ARTHUR ROQUETE DE MACEDO

Sopram novos ventos na Europa. Originaram-se na Inglaterra, atravessaram o Canal da Mancha e atingiram o continente, justamente a França, paragem propícia para a propagação de tudo que é novo, que pode trazer modificações ou "fazer moda".
É preciso "cheirar o vento", avaliar a sua intensidade, a direção, a sua duração provável etc. Quem não souber fazê-lo poderá pagar um preço elevado pela injúria, incompetência ou imprudência. O presidente Chirac que o diga. Mas essa é apenas uma variável, por mais importante que seja, dentro de um contexto mais amplo e complexo. O vento não se dissipou nas paragens francesas ou encaminhou-se para alto-mar. Continua no continente e vai soprando por outras terras mais ou menos distantes, pouco ou muito protegidas.

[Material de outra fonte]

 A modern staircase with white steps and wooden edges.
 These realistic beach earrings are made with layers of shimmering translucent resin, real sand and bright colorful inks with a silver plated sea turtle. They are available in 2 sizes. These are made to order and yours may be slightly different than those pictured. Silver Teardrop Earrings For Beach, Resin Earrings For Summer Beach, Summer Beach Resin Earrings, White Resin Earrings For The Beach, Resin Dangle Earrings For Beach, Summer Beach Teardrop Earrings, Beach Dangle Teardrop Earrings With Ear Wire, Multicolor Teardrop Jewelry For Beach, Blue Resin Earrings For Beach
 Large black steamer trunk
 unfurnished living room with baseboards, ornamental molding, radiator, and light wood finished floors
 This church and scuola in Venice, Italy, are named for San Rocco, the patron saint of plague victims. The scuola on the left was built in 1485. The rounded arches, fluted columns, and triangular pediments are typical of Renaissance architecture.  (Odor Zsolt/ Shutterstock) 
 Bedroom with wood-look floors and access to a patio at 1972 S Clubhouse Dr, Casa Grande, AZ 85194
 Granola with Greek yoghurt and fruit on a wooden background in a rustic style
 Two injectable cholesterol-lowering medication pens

Sim, uma nova saga socialista se dispersa pela Europa. A leste, a Alemanha resiste, parece inexpugnável à novidade, jogando contra ela todo o seu poderio econômico e pragmatismo. Mas os resultados das eleições inglesas e francesas, com a ascensão, respectivamente, do trabalhista Tony Blair e do socialista Lionel Jospin, tiveram desdobramentos previsíveis.
Se não vejamos no congresso do Partido Socialista Europeu, realizado na primeira semana de junho em Bruxelas, os principais líderes presentes, capitaneados pelas novas estrelas emergentes da política européia (Blair e Jospin), reclamaram a necessidade de uma mudança de rumos na condução dos destinos do continente. As palavras de ordem foram: "Uma Europa social em vez da Europa monetarista." "A estabilidade européia não pode ser construída sobre uma taxa de desemprego absurda e crescente." "O pacto de estabilidade proposto na reunião de Dublin deve ser reavaliado."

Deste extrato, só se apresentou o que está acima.